Ein Journalist schrieb einmal über die Freundschaft zwischen Henri Matisse und Pierre Bonnard, «Jeder hat den anderen erkannt.»
Über vierzig Jahre waren die beiden so unterschiedlichen Künstler miteinander befreundet, «eine langjährige heimliche Vertrautheit» verband sie. Beide setzen sich mit den gleichen künstlerischen Themen auseinander – jeder auf seine Weise. Die Ausstellung im Frankfurter Städel folgt in bezwingender Weise den Sujets und stellt die Werke beider Maler zu den Themen Interieur, Stillleben, Landschaft und weiblicher Akt einander gegenüber.
Die gemeinsame Präsentation ermöglicht dabei ein verständiges Sehen und ist ungemein spannend. Wie sehr die beiden sich schätzten, dokumentieren Briefe. So schrieb Bonnard 1940 an Matisse: «Wenn ich an Sie denke, denke ich an einen von aller überkommenen ästhetischen Konvention befreiten Geist; dies allein gestattet eine direkte Sicht auf die Natur, das größte Glück, das einem Maler widerfahren kann. Dank Ihnen habe ich ein wenig daran teil.»
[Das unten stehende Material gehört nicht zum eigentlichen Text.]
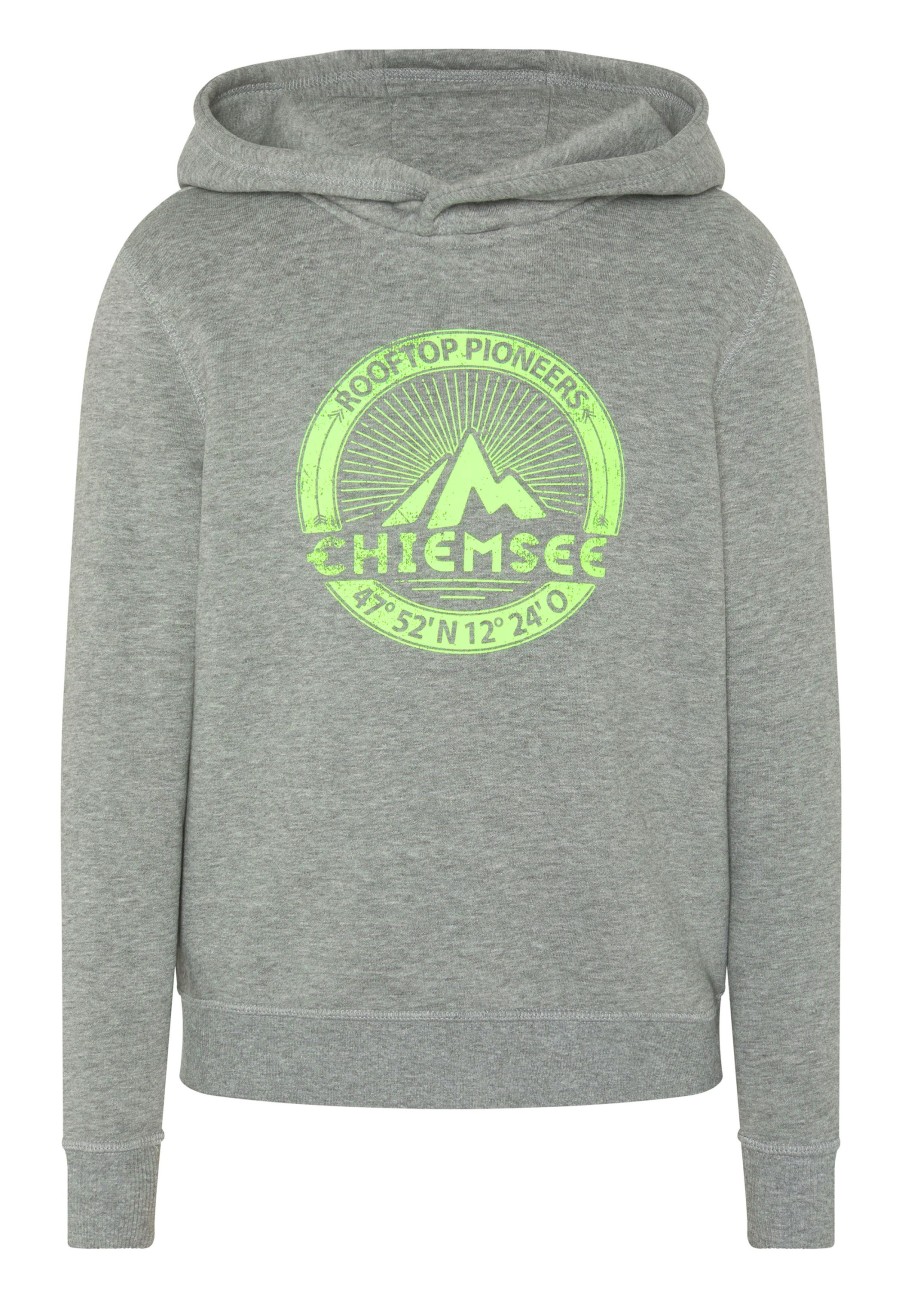 Kinder chiemsee Sweatshirts & Sweatjacken | Jungen-Hoodie Aus Baumwollmix Mit Label-Mountain-Print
Und Matisse, der mit niemandem sonst über seine Bilder sprechen wollte, schrieb im selben Jahr an Bonnard:«Ich müsste jemanden sehen, und Sie sind es, den ich sehen möchte.»
Anzuschauen sind auch die beiden Gemälde, die die Freunde voneinander besaßen, Matisse Bonnards «Abend im Wohnzimmer» (Soirée au salon) von 1907; Bonnard Matisses «Das offene Fenster», (La Fenêtre ouverte) von 1911. An den Bildern zeigt sich sehr gut die unterschiedliche Sichtweise der Maler auf die Welt. Matisse Blick geht hinaus, in die Welt, Bonnards richtet sich nach innen.
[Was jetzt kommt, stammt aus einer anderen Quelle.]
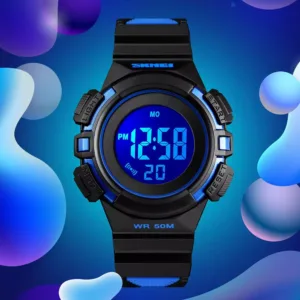 SKMEI 1485 NEW Kids Watches Sports Style Digital Wristwatch Fashion Life Waterproof PU Wristband Children Watches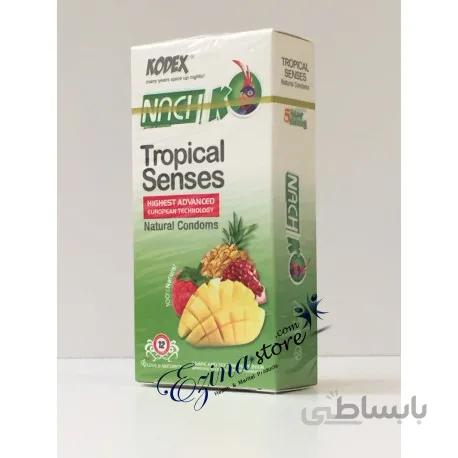 کاندوم کدکس مدل Tropical Senses بسته 12 عددی ا The Tropical Senses Model Condom is packed 12 numerically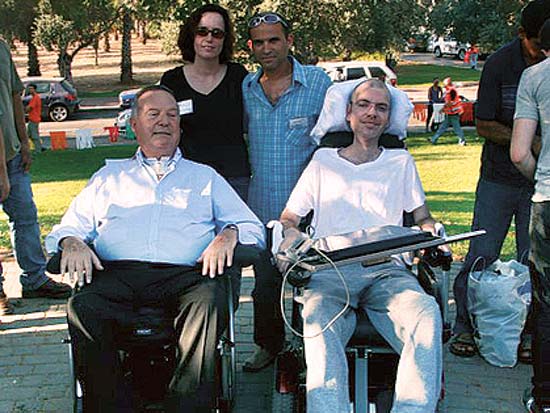 אביחי קרמר, שי ראשוני, אפרת כרמי, דב לאוטמן, מירוץ למען חולי ALS / צילום: קובי אשכנזי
Eine solch umfangreiche Ausstellung beider Künstler hat es in Deutschland noch nicht gegeben. Vorallem der Werke Bonnards, der in seinem Heimatland Frankreich viel bekannter ist als hier. Es ist dem Städel gelungen, von bedeutenden Sammlungen und auch von Privatpersonen Leihgaben zu gewinnen; eine großangelegte Schau von rund 120 Gemälden ist so zu Stande gekommen. Eröffnet wird der Rundgang durch Porträtaufnahmen des Fotografen Henri Cartier-Bresson, der beide Künstler am 17. und 18. Februar 1944 in ihren Häusern an der Côte d’Azur besuchte.
«Eine Erholung für das Gehirn, so eine Art Lehnstuhl», solle seine Malerei sein, sagte Matisse einmal.
Und Bonnard: «Schönheit ist die Erfüllung des Sehens.»
Henri Matisse, Selbstporträt, 1906
Pierre Bonnard, Selbstporträt, 1930
Pierre Bonnard, Abend im Wohnzimmer, 1907
Henri Matisse, Das offene Fenster, 1911
Pierre Bonnard, Nach der Dusche,1914
Henri Matisse, Akt im Lehnstuhl,1920
links: Henri Matisse, Sich aufrichtender Akt, 1906 – rechts: Pierre Bonnard, Stehender Akt bei der Toilette, 1906
DIE AUSSTELLUNG IM FRANKFURTER STÄDELMUSEUM IST NOCH BIS ZUM 14. JANUAR 2018 ZU SEHEN.